A questa conclusione Violante perviene dopo un vivace affresco delle trasformazioni della magistratura nel nostro paese: puntuale per il periodo che va dall'Unità fino agli sessanta (dove prevalgono la distanza e lo scrupolo dello storico), affrettato e non privo di concessioni a luoghi comuni per gli ultimi decenni (dove prevalgono, al contrario, le passioni e i pregiudizi del politico che questa stagione ha vissuto con intensità e spirito di parte). Accade così di imbattersi in passaggi sorprendenti che viziano, inevitabilmente, il ragionamento e le relative conclusioni. Qualche flash per tutti: l'attribuzione a un "attivismo giudiziario" cui "l'opinione pubblica conservatrice assisteva sbigottita" della crescita delle indagini "sulle morti sul lavoro, considerate non più 'infortuni', ma frutto di una specifica organizzazione del lavoro"; la lapidaria affermazione che, per le nomine dei dirigenti degli uffici giudiziari, "Magistratura democratica sostiene che debba prevalere in ogni caso l'anzianità nelle funzioni", valida, forse, all'epoca in cui Violante era magistrato, ma superata da oltre vent'anni; la ripetitiva asserzione (forse mediata dall'esperienza delle nomine di prefetti, questori e alti funzionali statali) che "chi non appartenga a una corrente o non sia protetto da un partito difficilmente arriva a ricoprire incarichi rilevanti", per di più suffragata dal richiamo del conflitto insorto sulla nomina di un primo presidente della Corte di Cassazione in cui oggetto del contendere non era una "questione correntizia" ma una "questione morale". Non sorprende, in questo contesto, la conclusione tanto sbrigativa quanto tranchante che non saremmo arrivati alla crisiattuale "se alcuni settori della magistratura non avessero ceduto alla tentazione di trasformarsi in una sorta di protettorato della Repubblica", tesi che ricalca una nota e risalente analisi di Angelo Panebianco sulla magistratura come "burocrazia guardiana" che "tiene sotto il tallone le classi politiche democraticamente elette" (Seconda repubblica e magistratura. Lo squilibrio tra i poteri, "Corriere della Sera", 21 marzo 1994).

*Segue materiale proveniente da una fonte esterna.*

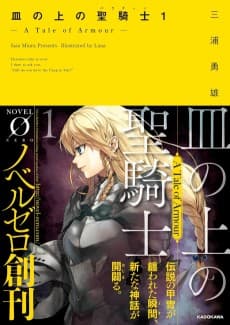 Sara no Ue no Paladin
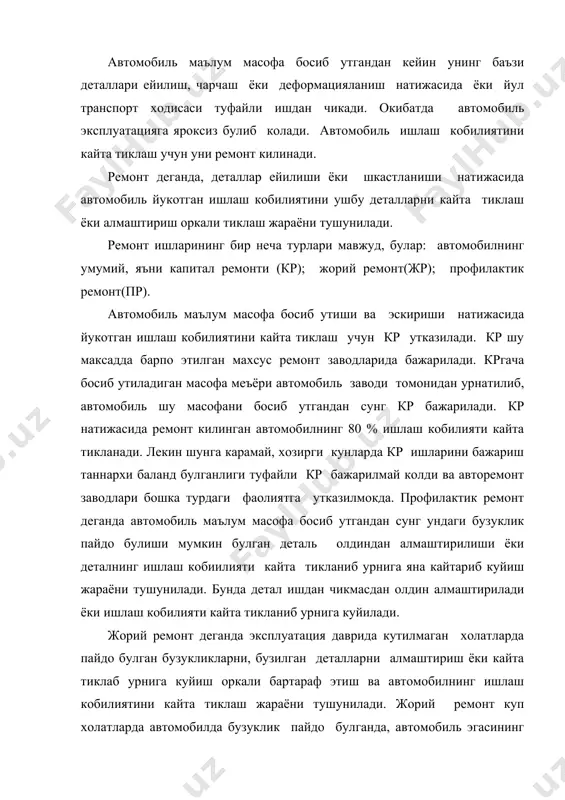 кобилиятини кайта тиклаш жараёни тушунилади. жорий ремонт куп холатларда автомобилда бузуклик пайдо булганда, автомобиль эгасининг талаби асосида бажарилади. жр асосан атхкс ишлаб чикариш участкаси ремонт постларида бажарилади. ахоли енгил автомобилларининг атхкс да утказиладиган ремонт ишлари технологик жараёни куйидаги ишларни уз ичига олади: бузилган деталь ёки агрегатни автомобилдан ечиш, уни кисмларга ажратиш, дефектовка килиш, чилангарлик, буяш, йигиш ва обкатка килиш. ремонт ишлари хажми ремонт ишлари нисбий мехнат сигими нормалари оркали аникланади. ремонт ишлари мехнат сигими нормалари маълум шароит учун ишлаб чикилганлиги туфайли автомобиль ишлатилаётган шароит хисобидан корректировка килиш оркали аникланади. бу меъёр курсаткичлар "ахолига тегишли енгил автомобилларни тх ва ремонт утказиш йурикномаси" асосида белгиланади. атхкс да бажарилаётган ремонт ишларини икки хилга ажратиш мумкин: 1. автомобилнинг узида бажарилган; 2. агрегат участкаларда бажарилган; автомобиль устида бажарилган ремонт айрим детал ва узелларни кисмларга ажратиш ва йигиш, чилангарлик, мисгарлик-пайвандлаш, котириш, созлаш ва автомобиль кисмларини ечмасдан буяш ишларини уз ичига олади. колган ишлар ишлаб чикариш зонасининг …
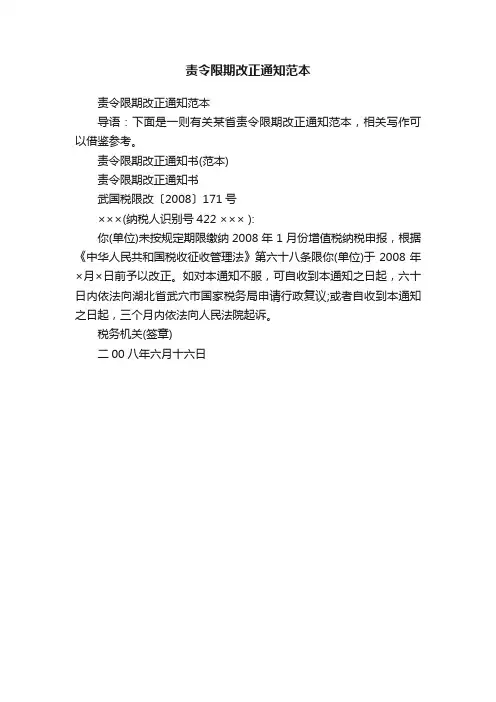 责令限期改正通知范本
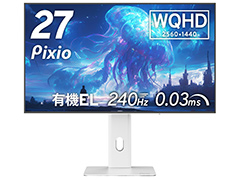 27インチ240Hz表示対応でKVM機能も備えるゲーマー向け有機ELディスプレイ「PX277 OLEDMAX V2 White」がPixioから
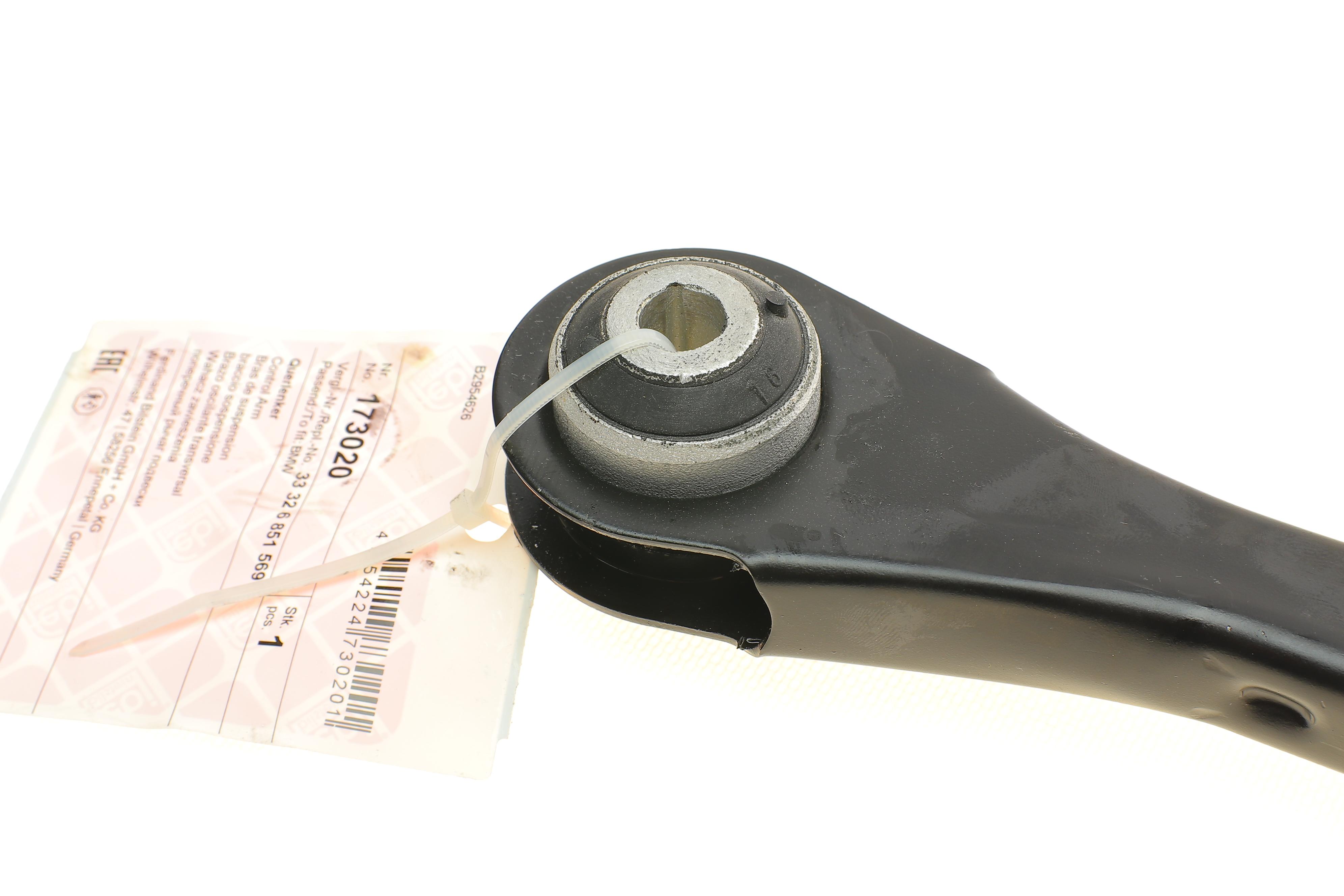 Важіль підвіски (задній/знизу) BMW X1 (F48)/X2 (F39) 14-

Certo, Violante ha ragione quando sostiene che la magistratura non può "sottrarsi a una seria discussione sui confini delle sue attribuzioni e sui suoi rapporti con gli altri poteri dello Stato", anche se i ritardi della magistratura al riguardo non giustificano agli occhi dei cittadini che chiedono giustizia il disinteresse della politica per il funzionamento della macchina giudiziaria, benevolmente giustificato, nel libro, con l'affermazione che "nessun potere è disponibile a riconoscere a un altro i mezzi per funzionare meglio se non sono chiari i presupposti e i confini della sua azione". La discussione sul punto è aperta ed è auspicabile che decolli ma ritorno al punto iniziale occorre individuarne i confini. Quel che non funziona sono comportamenti di singoli o di gruppi (nella politica e nella magistratura), culture e prassi non rispettose della trasparenza (da un lato) e delle garanzie (dall'altro), diffuse insensibilità all'interesse pubblico o è il modello costituzionale di riferimento, fondato sul policentrismo istituzionale e sul bilanciamento tra i poteri? Violante dà la sua risposta. Ne richiamo un punto, relativo alla questione del pubblico ministero: "Le scelte fondamentali di politica criminale (quali reati perseguire e quali lasciare impuniti) che nella maggioranza dei paesi è, direttamente o indirettamente, nelle mani del Governo, in Italia è nelle mani dei magistrati. (
) L'obbligatorietà dell'azione penale è una ipocrisia costituzionale, resa necessaria dall'indipendenza del pubblico ministero". Inutile dire che è il requiem del sistema costituzionale, in cui a differenza che nell'assetto previgente, nel quale l'ordine giudiziario era una semplice articolazione della pubblica amministrazione i magistrati hanno, ciascuno singolarmente considerato, la pienezza del potere giudiziario che discende non da una delega del "sovrano", ma da regole prefissate dalla legge.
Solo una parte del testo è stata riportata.